*** Begin section ***

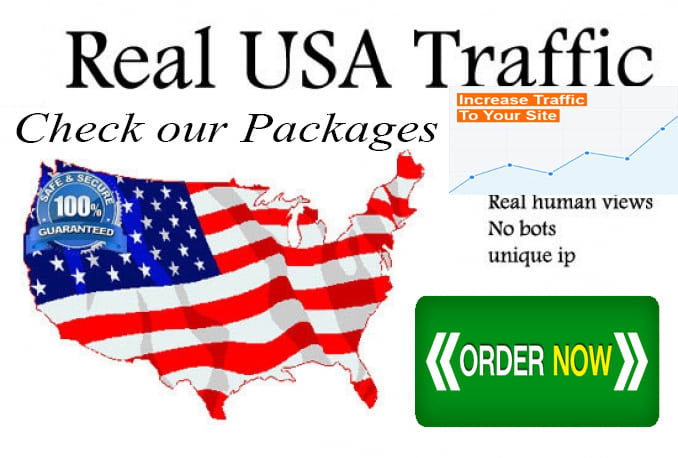bring real USA targeted human visitors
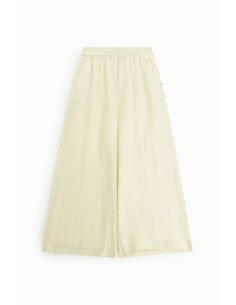 Pantalon large à taille haute Please 2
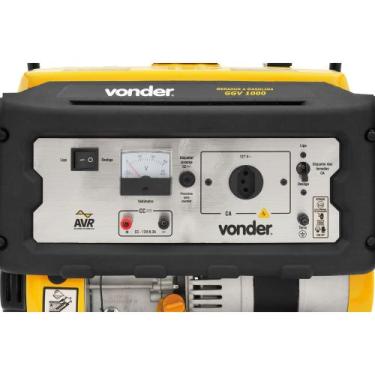 Imagem de Gerador à gasolina 3hp 127 volts 4 tempos partida manual ggv1000 - Von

*** End section ***

• _What is needed_
Give back the material word for word, leaving out its pictures.

• _Written reply_
bring real USA targeted human visitors
 Pantalon large à taille haute Please 2
 Imagem de Gerador à gasolina 3hp 127 volts 4 tempos partida manual ggv1000 - Von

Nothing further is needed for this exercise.